Notebook Cento #5 – now is a now and this is a this


Sometimes I go back through my notebooks from Graduate school and make centos (collage poems) from phrases I find in the pages.   This is the fifth of a series of centos from my notebooks.


now is a now and this is a this

Notebook Cento #5
by Debi

a now is a now is a now
creating space
.                        between self and outside
.               inside and out
1st person and 3rd
disjunctive
.                  disruptive
find a place, not a position
not an either/or
.                    but an and and an and and an and and …
respect the thing itself
this is this, is this, is this—
.                 rather than this is that

Poem: The End of the World

This was written in response to a gallery exhibition at the University of Washington Bothell called “Particles on the Wall” which had artwork and poetry created in response to the Handford nuclear site in Washington State.  I wandered back through the gallery a second time and wrote down images and phrases that were either inspired by the work, or seen in the poetry, thus creating a response to the totality of the exhibition.


The End of the World
by Debi

I forgive
I forgive
I must forgive

Shall I show you how we dressed our wounds?
downwater downriver
terminal winds
leaking glowing circling dying

someone launched
someone drove
someone fished
and never knew

easy to bury
in the late afternoon
dragged home
bedded down
the rest of us slept
in the river’s shadow

half a million years til Spring
what fossils will the future find?
we have gone blind
we are blind
the desert eats dust
a rabbit digs its own grave

obsolete history
drafted history
voided history
closed history
engineered history

restart
by dawn’s light

origami made from living flesh
unrecognizable
graying

the children unborn
carrying on the family business
cleaning up the waste
from the death beds of their fathers

this is my blood
a chalice of death
the last power
the final cover up

Notebook Cento #2

Sometimes I go back through my notebooks from Graduate school and make centos (collage poems) from phrases I find in the pages.   This is the second of a series of centos from my notebooks.


Notebook Cento #2
by Debi

justify the story
what will serve you
formal constraints
dialogue
punctum
multi-faceted narrative
help us
guide us

fiction’s fuckin’ gone
facing the end
walk off the grief
behind the tear duct


Experiment: An American Story


by Debi


My first word was boat.

My first word was boat as my grandmother pointed to their wooden yacht.
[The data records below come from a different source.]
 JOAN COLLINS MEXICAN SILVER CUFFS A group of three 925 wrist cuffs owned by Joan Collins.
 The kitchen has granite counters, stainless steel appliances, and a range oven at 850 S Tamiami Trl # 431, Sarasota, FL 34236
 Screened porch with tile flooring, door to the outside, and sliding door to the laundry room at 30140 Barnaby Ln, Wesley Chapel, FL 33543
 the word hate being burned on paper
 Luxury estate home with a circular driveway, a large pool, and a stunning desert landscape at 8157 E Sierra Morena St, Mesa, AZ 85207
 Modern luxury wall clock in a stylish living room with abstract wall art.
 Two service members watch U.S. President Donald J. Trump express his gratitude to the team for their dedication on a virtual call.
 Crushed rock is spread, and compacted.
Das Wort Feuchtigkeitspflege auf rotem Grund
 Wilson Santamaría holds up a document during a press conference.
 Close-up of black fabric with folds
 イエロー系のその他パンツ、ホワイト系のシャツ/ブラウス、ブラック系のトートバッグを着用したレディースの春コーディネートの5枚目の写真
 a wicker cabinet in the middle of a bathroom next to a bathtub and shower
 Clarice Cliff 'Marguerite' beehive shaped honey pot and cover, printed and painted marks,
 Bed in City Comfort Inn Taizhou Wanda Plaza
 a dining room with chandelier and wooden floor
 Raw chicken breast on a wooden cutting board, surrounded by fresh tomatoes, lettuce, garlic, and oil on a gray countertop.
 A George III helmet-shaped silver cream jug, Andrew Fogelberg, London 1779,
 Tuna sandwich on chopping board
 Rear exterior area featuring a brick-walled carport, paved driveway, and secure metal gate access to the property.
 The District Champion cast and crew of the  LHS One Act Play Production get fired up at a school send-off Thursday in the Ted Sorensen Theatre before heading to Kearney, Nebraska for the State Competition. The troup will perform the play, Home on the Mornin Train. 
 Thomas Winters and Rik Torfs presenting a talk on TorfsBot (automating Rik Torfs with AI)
My first word was boat as my grandmother pointed to their wooden yacht upon which my father as a boy traveled to Alaska.

My first word was boat as my grandmother pointed to their wooden yacht upon which my father as a boy traveled to Alaska where his father was a fisherman.

My first word was boat as my grandmother pointed to their wooden yacht upon which my father as a boy traveled to Alaska where his father was a fisherman like his father before him.

My first word was boat as my grandmother pointed to their wooden yacht upon which my father as a boy traveled to Alaska where his father was a fisherman like his father before him in Anacortes where the family settled.

My first word was boat as my grandmother pointed to their wooden yacht upon which my father as a boy traveled to Alaska where his father was a fisherman like his father before him in Anacortes where the family settled after moving up the Coast from Coos Bay.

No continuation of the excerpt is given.